Арийская колыбель - Абрашкин Анатолий Русь - арийская колыбель
Вновь и вновь разгадка значений персонажей греческой мифологии обнаруживается в мире русско– славянских образов. Что, к примеру говорят греческие легенды о знаменитом яблоке раздора? Только то, что оно было сорвано в далеком саду Гесперид, находящемся где-то на краю света. Но если мы действительно хотим разобраться, что же символизировало оно, то придется заглянуть в русские народные сказки. Яблоки сада Гесперид — это молодильные яблоки наших сказок, символ вечной юности и красоты.
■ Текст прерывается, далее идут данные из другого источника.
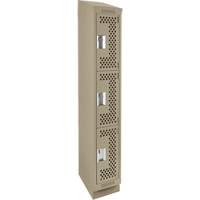 Clean Line Lockers, 3 -tier, 12" x 12" x 82", Steel, Beige, Rivet (Assembled), Perforated Pronet Distribution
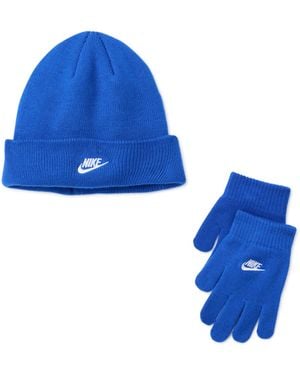 Nike Beanie And Glove/mitten Set - Blue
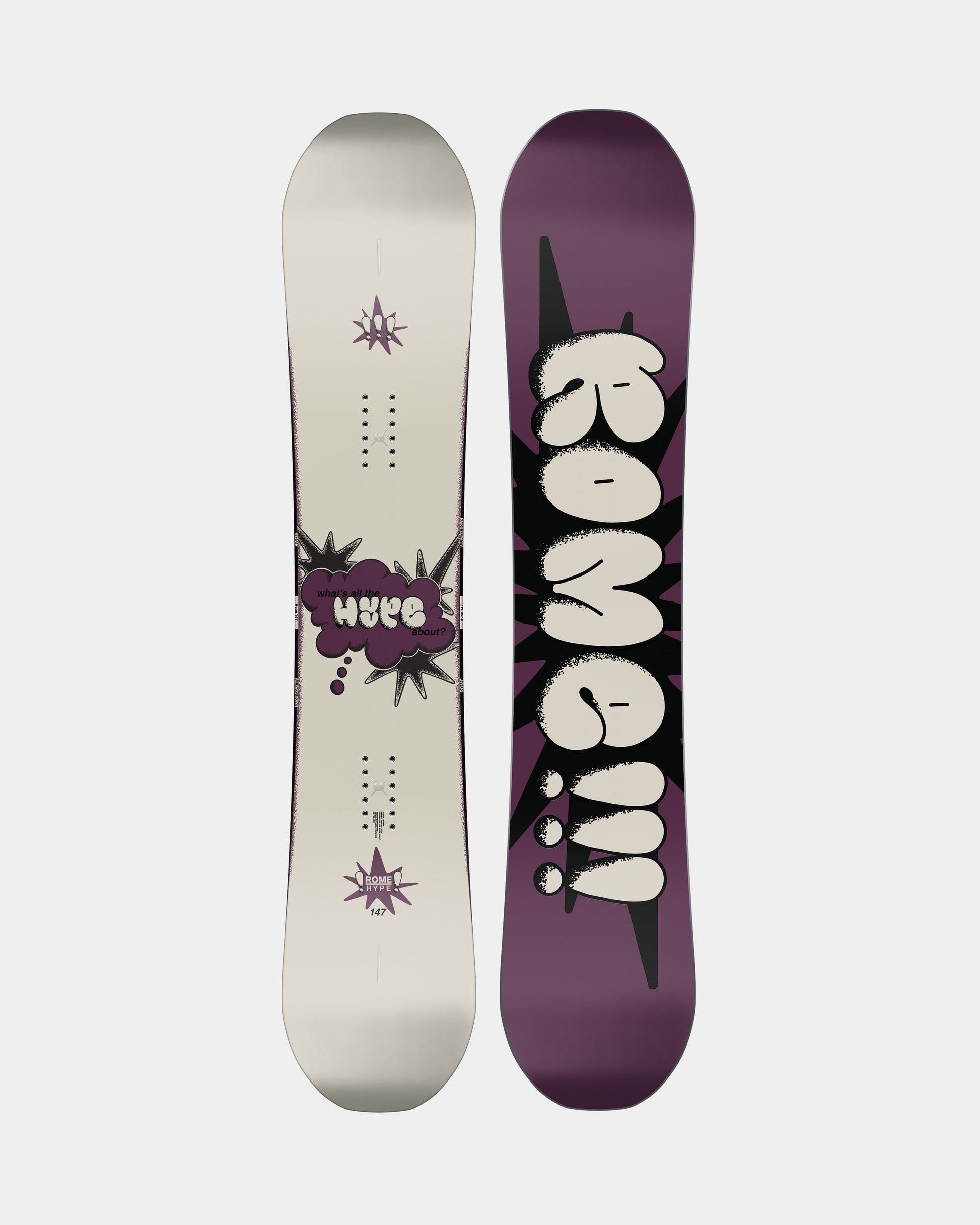 Women snowboards in purple and grey. Hype 2025 | Rome Snowboards™ 2025.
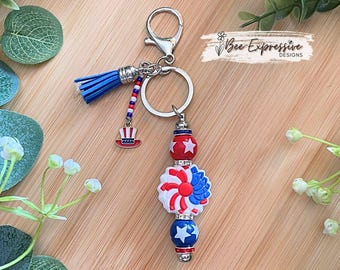 Handmade Americana Keychain: Wood Beads, Rhinestone, Tassel Charm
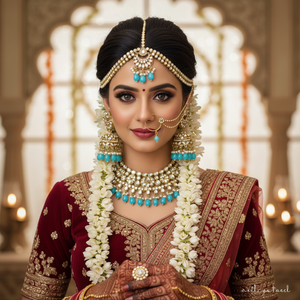 Bridal Ethnic Chandelier Drop Earrings Claw Setting Pearl Chain Matching Maang Tikka Alloy Gold Plated Vintage Traditional - Product Image 3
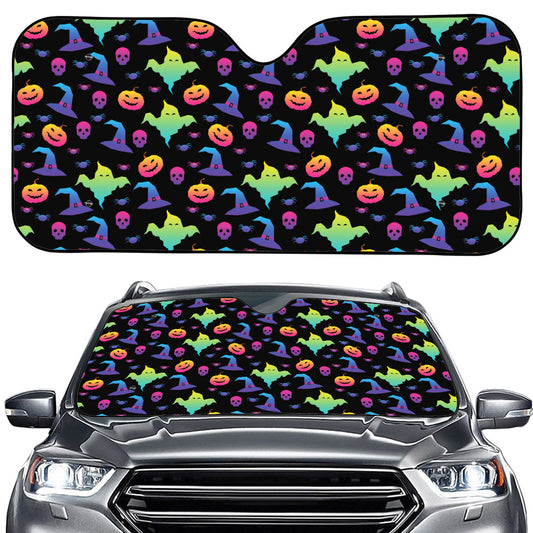 Colorful Halloween Party Pattern Print Car Windshield Sun Shade
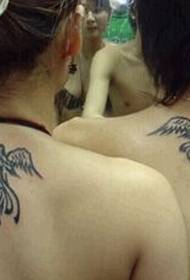 back fashion couple totem tattoo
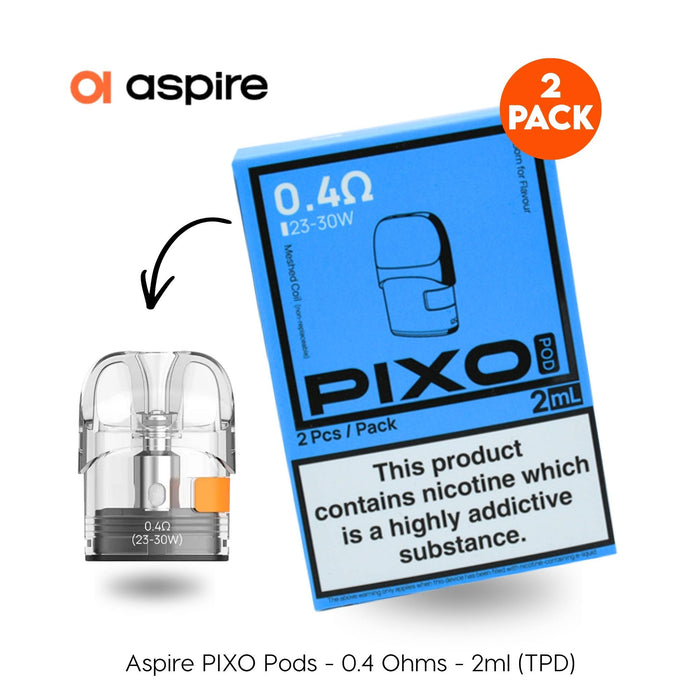 Aspire Pixo Replacement Pods by Aspire include two 2ml refillable pods for MTL & RDTL vaping, packaged in a blue “PIXO Pod 2ml” box. Available at Vape Direct In Milton Keynes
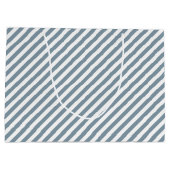 Diagonal blue and white stripes pattern groot cadeauzakje (Achterkant)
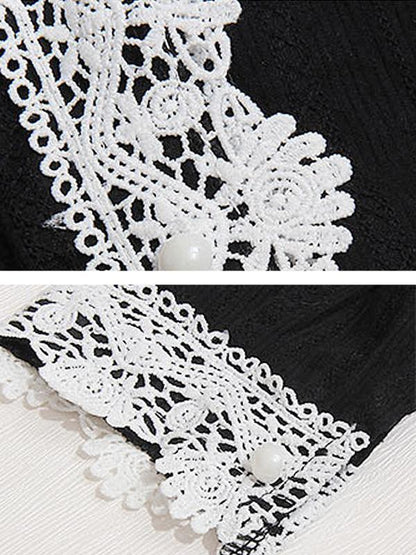 Lace Placket V-neck Blouse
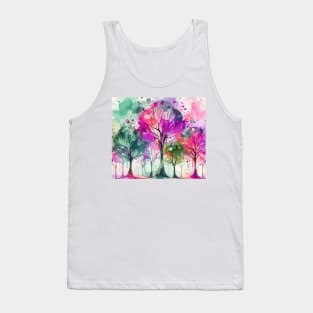 Colorful Pink Pastel Abstract Trees Tank Top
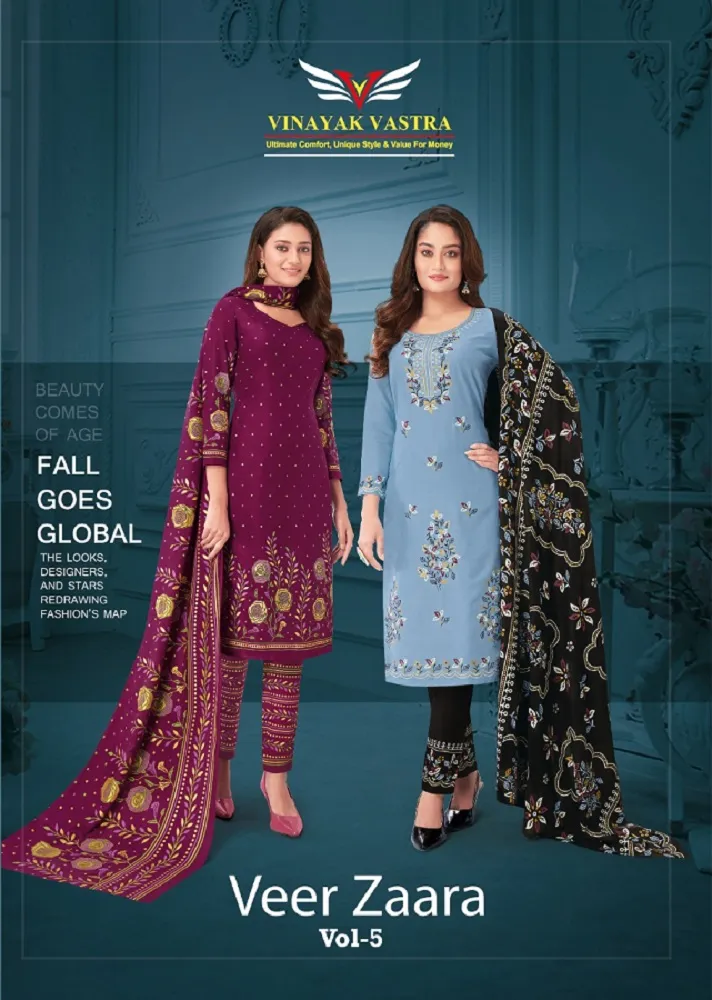 Vinayak Vastra Veer Zaara Vol 5 Unstitched Suits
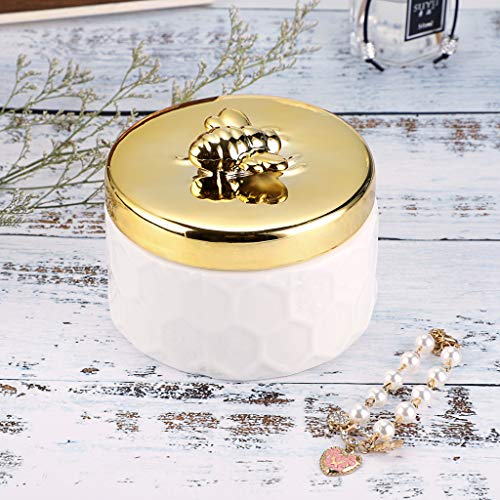 Hipiwe Ceramics Jewelry Box with Golden Bee Lid - Small Jewelry Display Organizer Holder Trinket Storage Tank Container for Home Decor,Gift for Women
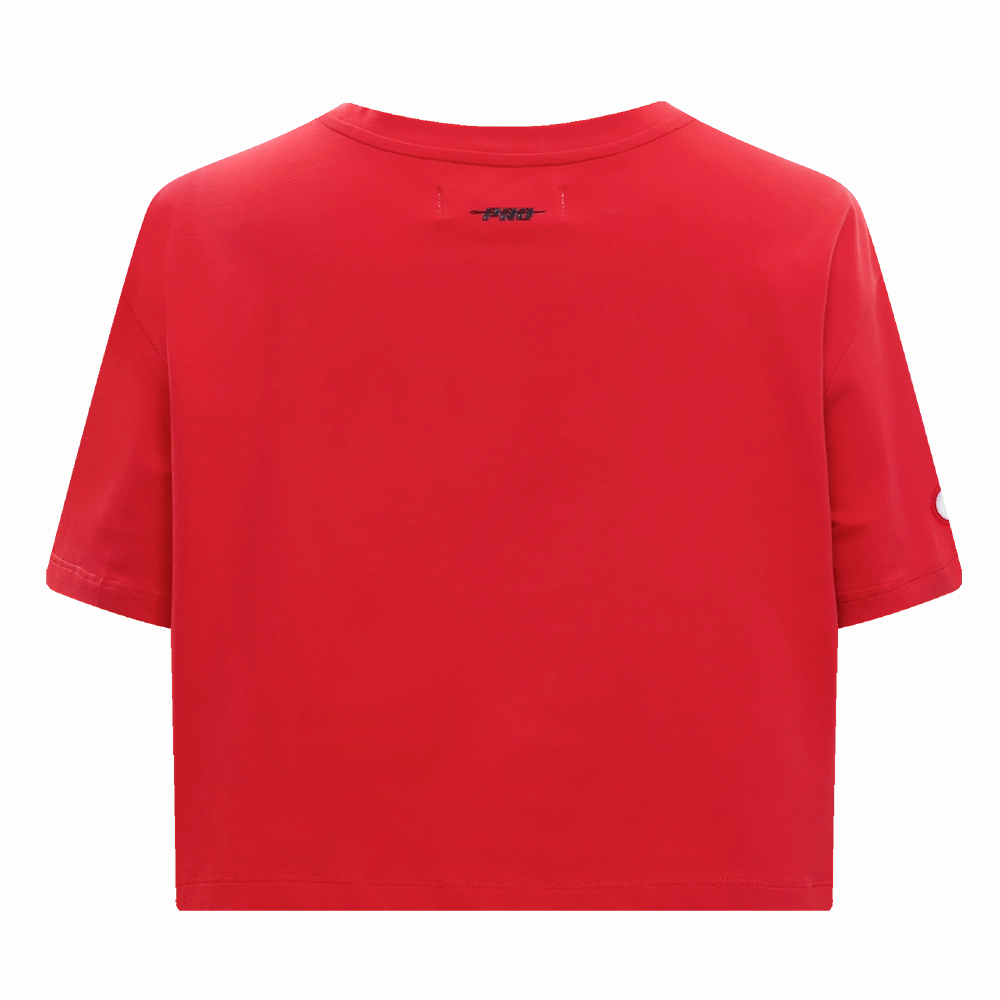 NFL KANSAS CITY CHIEFS SCRIPT TAIL WOMEN'S SINGLE JERSEY BOXY TEE (RED)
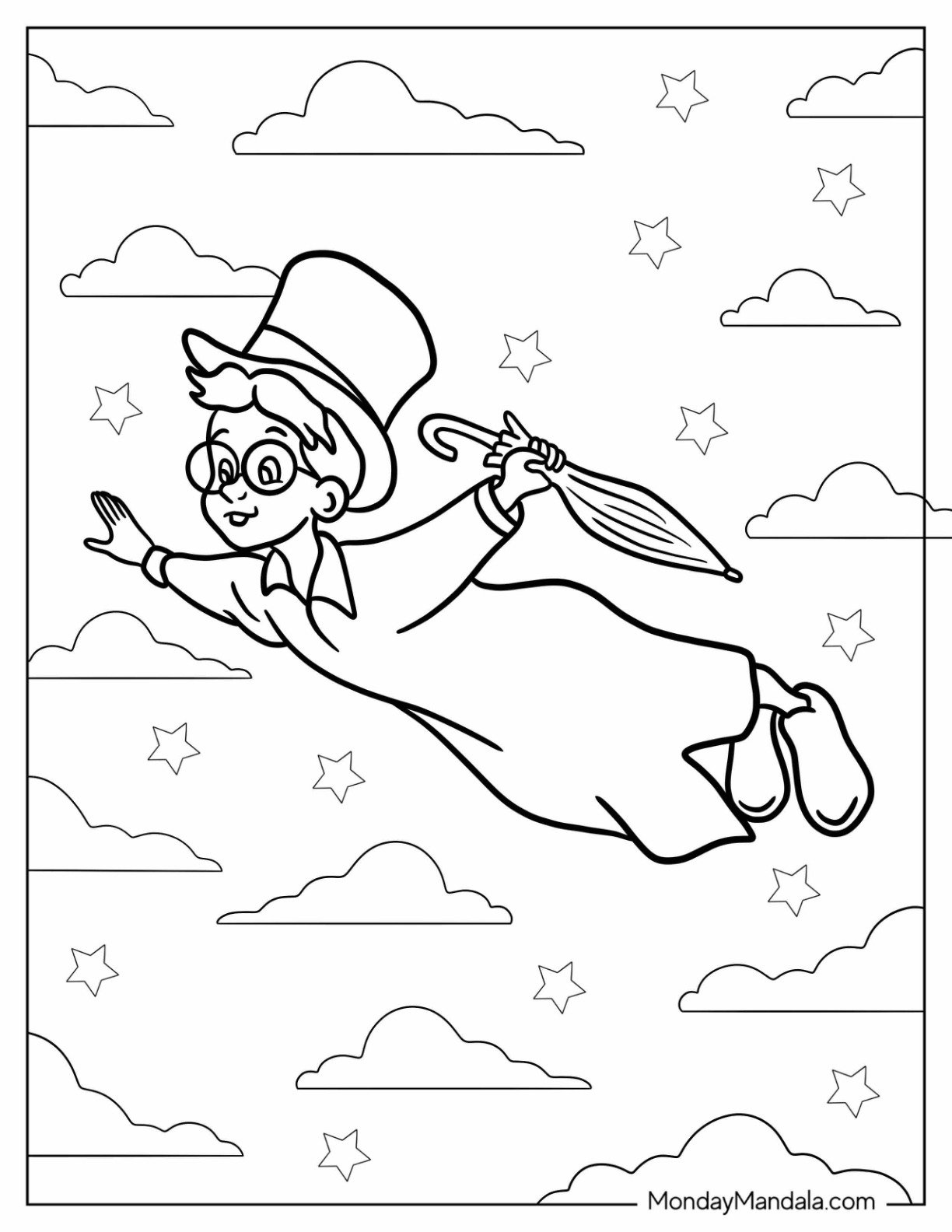 Flying John Darling with Top Hat and Umbrella from Peter Pan Coloring Page for Preschoolers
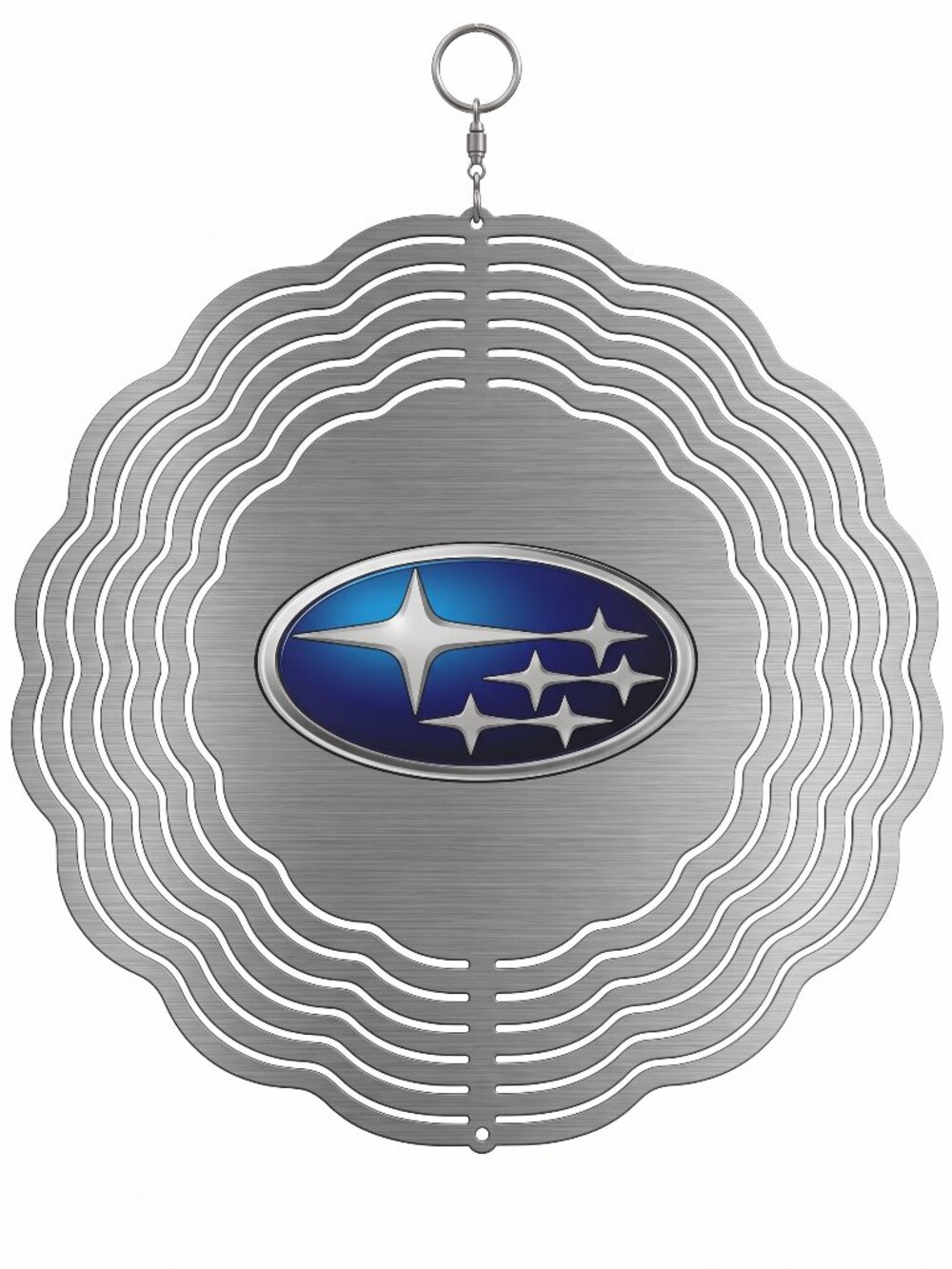 10" Subaru Blue Emblem Kinetic Wind Spinner - Brushed Silver Metal Yard Decor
Вот почему каждой из трех богинь хотелось завладеть таким плодом! Хоть они были бессмертными, но остановить время и оставаться вечно молодыми были не в силах.
С чисто художественной точки зрения поэмы Гомера обладают одной уникальной особенностью, выделяющей их из числа других древнеевропейских эпосов: в них присутствуют красочные поэтические описания природы и образные сравнения с отдельными ее явлениями. Так, один из дней трояно-ахейского противостояния начинается тем, что
Солнце лучами новыми чуть поразило долины,
Вышед из тихокатящихся волн Океана глубоких
В путь свой небесный…
Или вот фрагмент битвы за тело сраженного Сарпедона:
Подобно как мухи,
Роем под кровлей жужжа, вкруг покойников полных
толпятся
Вешней норой, как млеко изобильно струится в сосуды, —
Так ратоборцы вкруг тела толпилися.
И это не единичные примеры, ими буквально переполнены обе поэмы. Речи Одиссея «как снежная вьюга, из уст у него устремлялись», Гектор летит в бой «как в полете крушительный камень с утеса», Идоменей несется полем «как пламень», трояне идут на сраженье «как ветров неистовых буря».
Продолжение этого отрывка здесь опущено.